De+ 3 à – 5 % pour les MRA en 3 scénarios
Pour sortir des fantasmes sur l’électrique tueur de business, la Feda s’est appuyée sur une vaste étude prospective pilotée par Bernard Jullien, universitaire-chercheur expert de l’écosystème. Là aussi, nous sommes sur trois scénarios pour une visibilité à l’horizon 2036. L’inertie du parc aura raison de la disruption avec un parc vieillissant évalué ici à 39,7 millions. • Les VE pèsent 80 % des ventes et pourtant le parc reste à 60 % thermique, mais avec un CA rogné de 15 % réalisé à 72 % sur le thermique et 17 % sur le VE.
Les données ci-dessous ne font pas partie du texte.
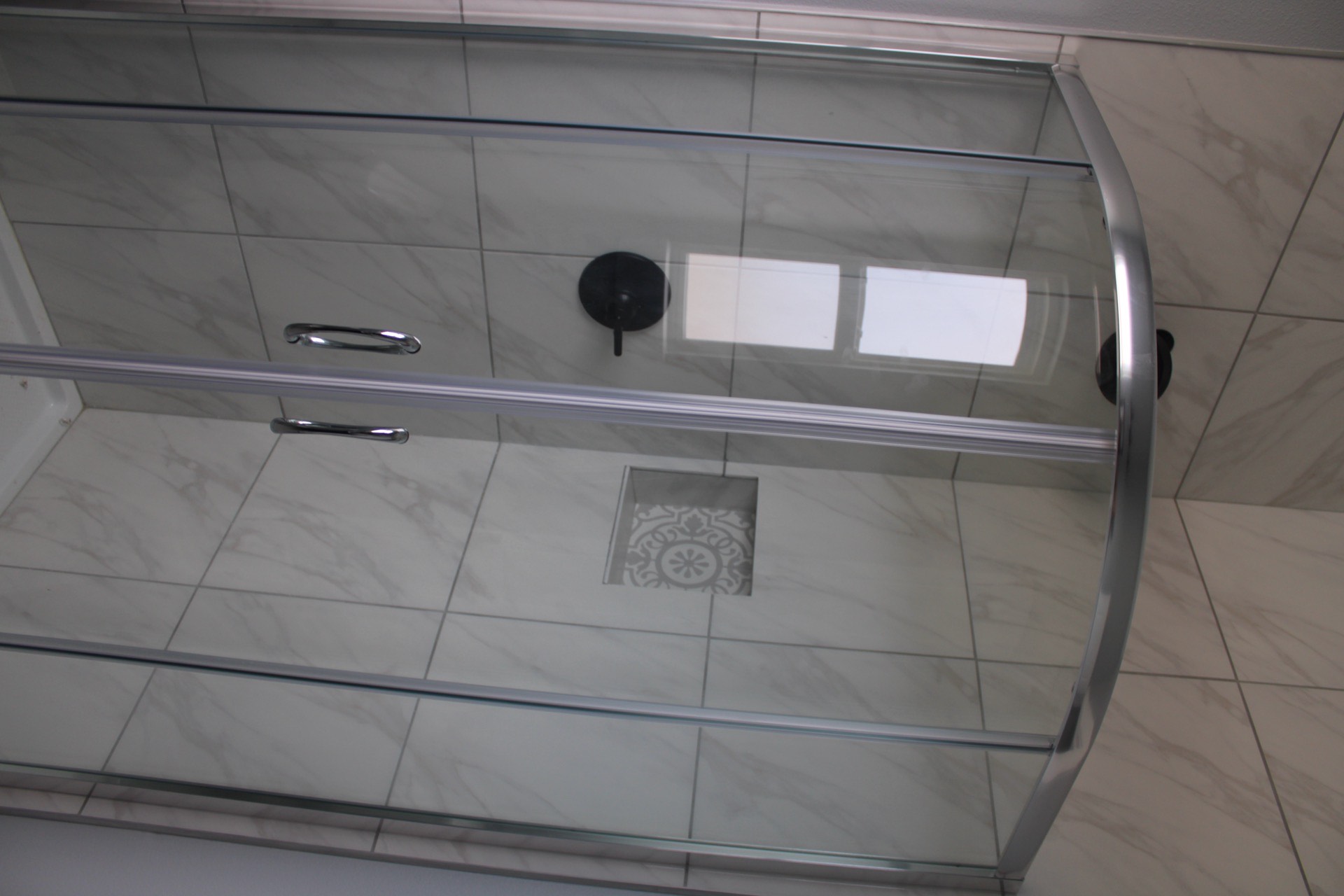 Living room viewed from the kitchen with clean contemporary lines, neutral furnishing tones, and natural light flooding through large coastal windows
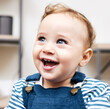 © peopleimages.com - Happy, cute and baby laughing in home for child development, growth and playing for fun. Smile, sweet and adorable boy infant, toddler or kid with joyful positive face in family house in Australia.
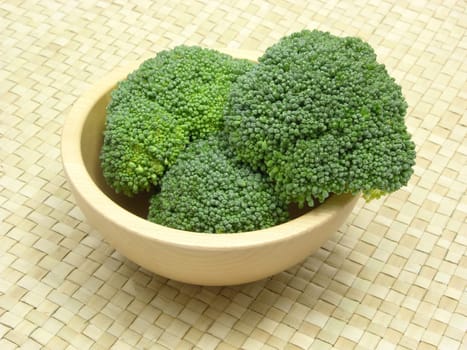 Wooden bowl with broccoli on rattan base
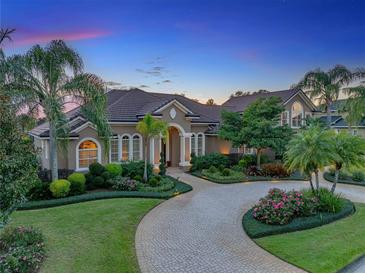 Stunning home exterior with circular driveway, lush landscaping, and elegant architectural details at 221 Mclean Pt, Winter Haven, FL 33884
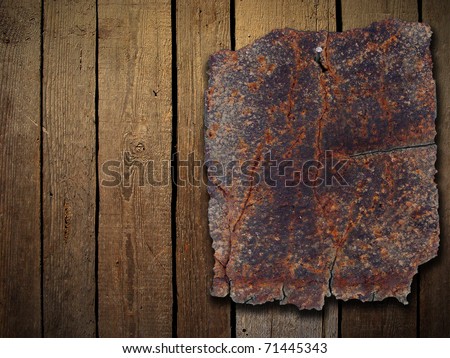 Rusty metal plate on wood wall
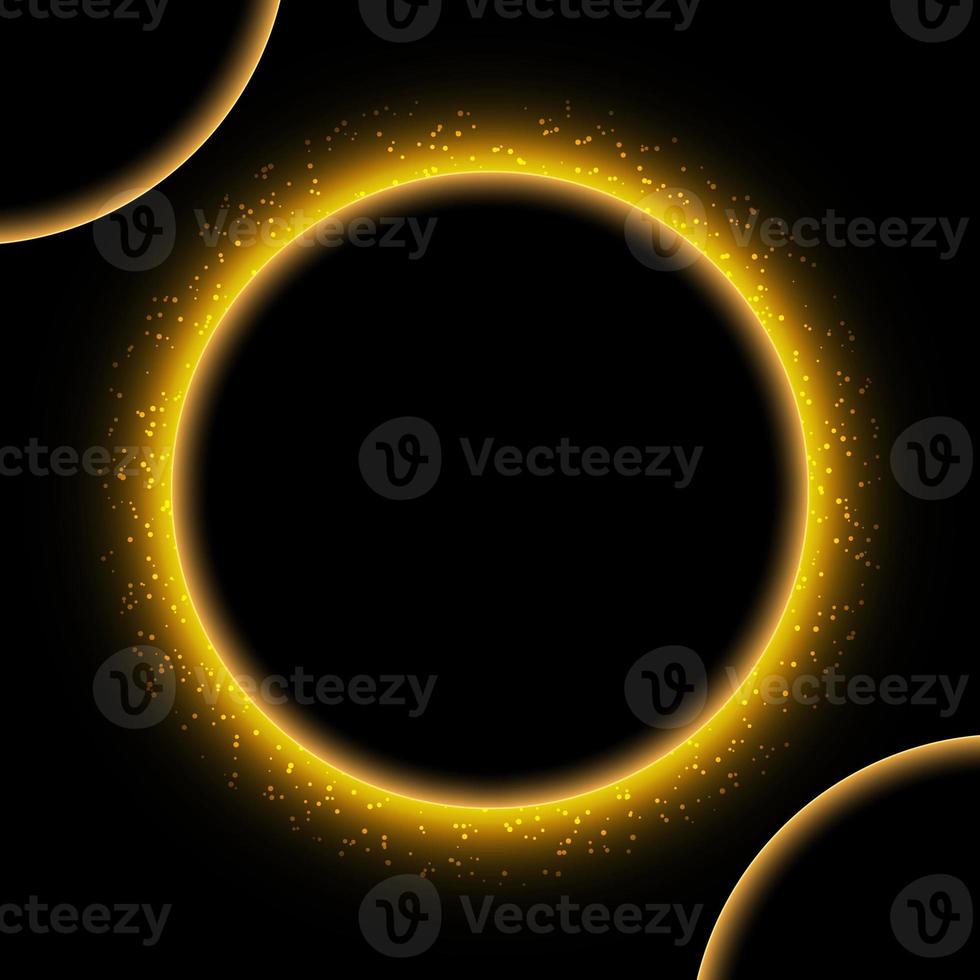 Glowing golden circle frame with glittering dust. Gold light circle with sparkles on black background. Yellow shiny ring, round frame for text, flare trail with glitter dust photo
• Les immatriculations VE grimpent à 42 % et les VH-VHR à 10 %. Le parc passe à 30 % d’électrifiés (dont 20 % de VE). Le business atelier chute de 10 % mais se fera toujours à 78 % sur les modèles thermiques, avec l’essence qui domine pour 22 % d’électrifiés dont 11 % en VE.
• Avec 22 % des ventes en VE et 15 % en VH-VHR, le parc restera à 75 % thermique avec un diesel toujours dominant. Le CA entretien-réparation recule de 3 % principalement réalisé sur le thermique (80 %) et très peu sur le VE (5 %).
Dans ces trois hypothèses, les MRA travaillant le parc ancien pourraient gagner 3 % de business et risquer d’en perdre jusqu’à 5 %.